P&SA1 at Kroondal PGM production and Rand cash costs per PGM ounce (100%)

[Please refer to www.aquariusplatinum.com for graph]

Revenue

Revenue for the quarter decreased by 3% to R922 million (R461 million attributable) due to the weakening of the basket price for the 4E metals.

The Kroondal US Dollar-denominated basket price deteriorated by 7% compared to the previous quarter to an average of $1,307 per PGM ounce.

Operations

Following the fatal accident at the Marikana mine, the DMR issued a S9(7) instruction at both the Kroondal and Marikana mines, as disclosed at the time. This had a negative impact on production at these mines for the quarter under review. As disclosed further, the DMR later stated that the instruction had been misinterpreted by the mining industry, and production was continued on 10m bords. See the update on the impact of the remedial action taken on hanging wall support below. Overall tonnes hoisted decreased by 1% to 1,618,699 tonnes for the quarter.

Overall volumes processed improved by 2% to 1,630,559 tonnes with stockpiles at the end of the quarter totalling approximately 44,426 tonnes.

Off-reef mining decreased by 18%. Recoveries remained stable at 81% a result of a more stable metallurgical operating regime.

Kroondal is proud to announce the highest PGM production for the last 4 quarters. PGM production increased by 2% to 110,575 4E PGM ounces (55,2874E PGM ounces attributable).

Kroondal: Metal in concentrate produced (PGM ounces)

Quarter ended Pt Pd Rh Au PGMs Attributable to Aquarius Sep 2010 65,068 32,901 12,057 548 110,575 55,287 Jun 2010 63,803 32,324 11,789 522 108,438 54,219 Mar 2010 60,580 30,729 11,228 534 103,071 51,535 Dec 2009 63,772 32,153 11,808 521 108,254 54,127 Operating cash costs

Mining cash costs increased marginally to R409 per tonne, and costs per PGM ounce remained stable at R6,037. The average PGM basket price decreased and was further negatively affected by the strengthening R/$ exchange rate.

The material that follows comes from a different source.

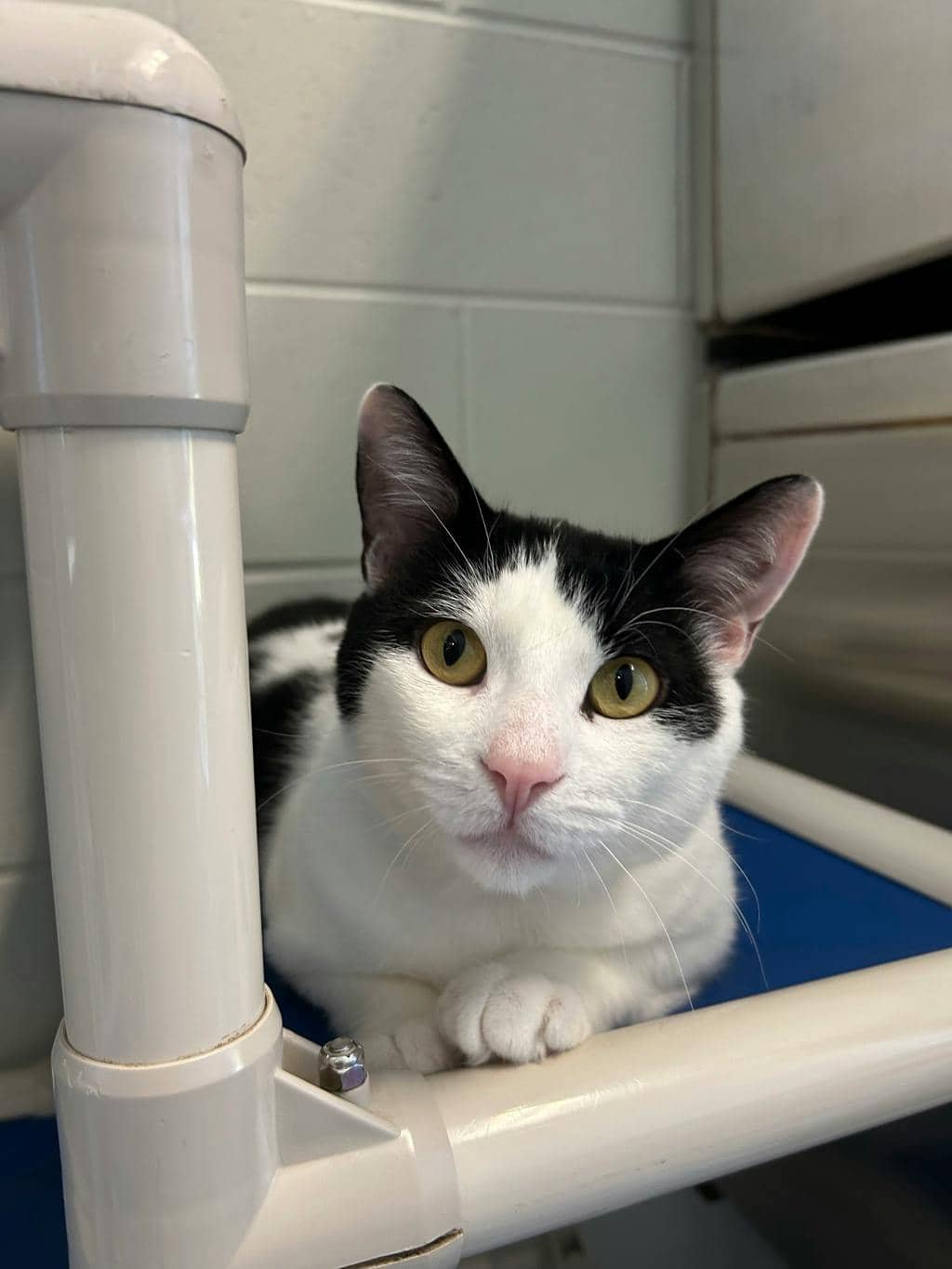 Petrie - Domestic Short Hair available for adoption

This reduced Kroondal's cash margin for the period from 31% to 28%.

Update on impact of revised hangingwall support strategy

The design of the new regional and systematic hangingwall support systems and mining layouts have been completed, and the Company is now in a position to confirm that no material impact on ore extraction percentages will occur. Once-off capital costs of R42 million will be incurred at Kroondal, and operating costs will increase by approximately 1.5% after cost mitigation, as a result of the implementation of these new measures. Several initiatives have been implemented to reduce these costs and one of them is to appoint Partners in Performance, a consulting company, to assist with investigating opportunities for improved efficiencies across the mine.

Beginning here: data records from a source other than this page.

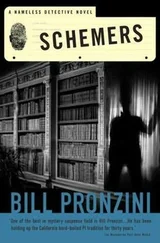 Bill Pronzini - Schemers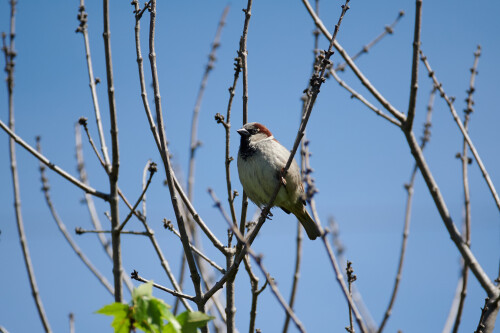 Birding-57.jpg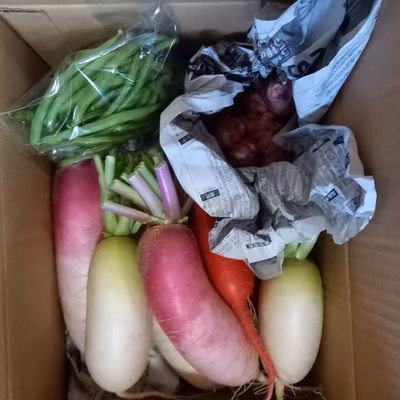 みんなの投稿の画像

Kroondal: Operating cash costs per ounce

4E 6E 6E net of by-products (Pt+Pd+Rh+Au) (Pt+Pd+Rh+Ir+Ru+Au) (Ni&Cu) Kroondal 6,037 4,938 4,809 Capital expenditure

Capital expenditure for the quarter was R59 million (R534 per PGM ounce). This was due to ongoing underground infrastructure establishment and start up capital for the K6 Project.

P&SA2 at Marikana

Safety

The 12-month rolling average DIIR for the quarter deteriorated to 0.76 per 200,000 hours worked from 0.74 in the previous quarter. This was due to the catastrophic fall of ground (FOG) accident at Marikana 4 Shaft on 6 July 2010, which has been comprehensively dealt with in previous disclosures. At the time of the incident there were 8 people inside the relevant panel, 5 of whom were killed and one seriously injured. The block of rock that fell was located between two dip orientated low angle joints and a steep dipping strike joint. The block sheared off approximately 1m from the face and fell out up to the doublets situated approximately 1.7m above the leader seam.

Mining

Production tonnes decreased by 2% to 512,972 tonnes, comprising 401,218 tonnes from underground and 111,754 tonnes from open-pit operations.

Head grade decreased by 8% to 2.48 g/t.

Processing

Tonnes processed increased by 1% to 508,791 tonnes.

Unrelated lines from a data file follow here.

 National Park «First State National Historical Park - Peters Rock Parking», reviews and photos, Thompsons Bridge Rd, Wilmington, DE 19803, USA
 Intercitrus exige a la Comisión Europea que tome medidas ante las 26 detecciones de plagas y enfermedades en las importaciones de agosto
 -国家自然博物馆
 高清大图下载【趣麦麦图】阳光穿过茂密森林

Recoveries decreased by 6% to 69%.

PGM production decreased by 13% to 27,756 ounces (13,878 ounces attributable to Aquarius).

P&SA2 at Marikana PGM production and Rand cash costs per PGM ounce (100%)

[Please refer to www.aquariusplatinum.com for graph]

Revenue

Revenue at Marikana decreased by 18% to R240 million (R120 million attributable) compared to the previous quarter due to lower ounce production and a lower basket price.

The US Dollar-denominated basket price averaged $1,306 per PGM ounce, 7% lower than the previous quarter.

Operations

Marikana underground production was negatively affected by the Section 54 suspension notice and the memorial service which was held for the 5 employees who passed away in the tragic FOG accident. 4 Shaft lost more than two weeks of production due to this stoppage.

Primary development decreased by 12% due to the Section 54 notice at 4 Shaft and bad ground conditions experienced at 1 Shaft.

The open pit was scheduled to be mined out by the end of this September quarter, however indications are that the open pit will only be completed by the December quarter. Only one pit remains (West-West), which has a steeply dipping ore body which reduces the amount of mining equipment that can be accommodated in the pit at any one time.

Processed tonnes mirrored the mining tonnes with total volumes processed at 508,791 tonnes, 1% higher than in the previous quarter.

The head grade deteriorated by 8% to 2.48 g/t, due to a high incidence of potholes which leads to increased off-reef mining due to difficulties stowing waste underground. At 1 Shaft, the high ratio of development to stoping contributed to a much lower grade coming out to the plant.

Recoveries were 6% lower at 69%. In the current quarter the manual valves in the flotation section were replaced with automatic valves. During this period, lower retention time was experienced in the plant as 3 to 4 rougher cells were continuously out of the circuit. This resulted in low recoveries. This process has been completed and recoveries are expected to improve.

PGM production for the quarter decreased by 13% to 27,756 4E PGM ounces (13,878 4E PGM ounces attributable).

Marikana: Metal in concentrate produced (PGM ounces)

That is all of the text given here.